▶ What the task requires: The answer must restate every entry below word for word.

(Caption-style text data)
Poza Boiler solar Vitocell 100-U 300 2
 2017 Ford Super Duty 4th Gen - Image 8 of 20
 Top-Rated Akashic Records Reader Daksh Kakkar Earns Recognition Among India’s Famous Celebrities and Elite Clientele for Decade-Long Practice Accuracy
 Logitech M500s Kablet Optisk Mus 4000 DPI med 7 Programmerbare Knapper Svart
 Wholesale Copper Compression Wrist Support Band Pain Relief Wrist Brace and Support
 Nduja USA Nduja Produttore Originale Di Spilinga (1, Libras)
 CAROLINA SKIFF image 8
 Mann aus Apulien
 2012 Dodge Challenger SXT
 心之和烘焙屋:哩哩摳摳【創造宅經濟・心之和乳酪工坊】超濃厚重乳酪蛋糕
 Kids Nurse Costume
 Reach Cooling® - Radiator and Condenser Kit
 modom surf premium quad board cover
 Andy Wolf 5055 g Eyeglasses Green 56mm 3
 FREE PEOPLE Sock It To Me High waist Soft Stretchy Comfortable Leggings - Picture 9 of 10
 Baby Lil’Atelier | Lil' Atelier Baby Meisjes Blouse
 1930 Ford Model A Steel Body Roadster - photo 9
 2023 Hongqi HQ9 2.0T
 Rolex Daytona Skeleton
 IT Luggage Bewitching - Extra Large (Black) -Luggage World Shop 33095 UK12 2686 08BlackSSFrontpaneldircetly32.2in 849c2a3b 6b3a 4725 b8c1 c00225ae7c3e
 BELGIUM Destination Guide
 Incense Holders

▶ Solution below:
Poza Boiler solar Vitocell 100-U 300 2
 2017 Ford Super Duty 4th Gen - Image 8 of 20
 Top-Rated Akashic Records Reader Daksh Kakkar Earns Recognition Among India’s Famous Celebrities and Elite Clientele for Decade-Long Practice Accuracy
 Logitech M500s Kablet Optisk Mus 4000 DPI med 7 Programmerbare Knapper Svart
 Wholesale Copper Compression Wrist Support Band Pain Relief Wrist Brace and Support
 Nduja USA Nduja Produttore Originale Di Spilinga (1, Libras)
 CAROLINA SKIFF image 8
 Mann aus Apulien
 2012 Dodge Challenger SXT
 心之和烘焙屋:哩哩摳摳【創造宅經濟・心之和乳酪工坊】超濃厚重乳酪蛋糕
 Kids Nurse Costume
 Reach Cooling® - Radiator and Condenser Kit
 modom surf premium quad board cover
 Andy Wolf 5055 g Eyeglasses Green 56mm 3
 FREE PEOPLE Sock It To Me High waist Soft Stretchy Comfortable Leggings - Picture 9 of 10
 Baby Lil’Atelier | Lil' Atelier Baby Meisjes Blouse
 1930 Ford Model A Steel Body Roadster - photo 9
 2023 Hongqi HQ9 2.0T
 Rolex Daytona Skeleton
 IT Luggage Bewitching - Extra Large (Black) -Luggage World Shop 33095 UK12 2686 08BlackSSFrontpaneldircetly32.2in 849c2a3b 6b3a 4725 b8c1 c00225ae7c3e
 BELGIUM Destination Guide
 Incense Holders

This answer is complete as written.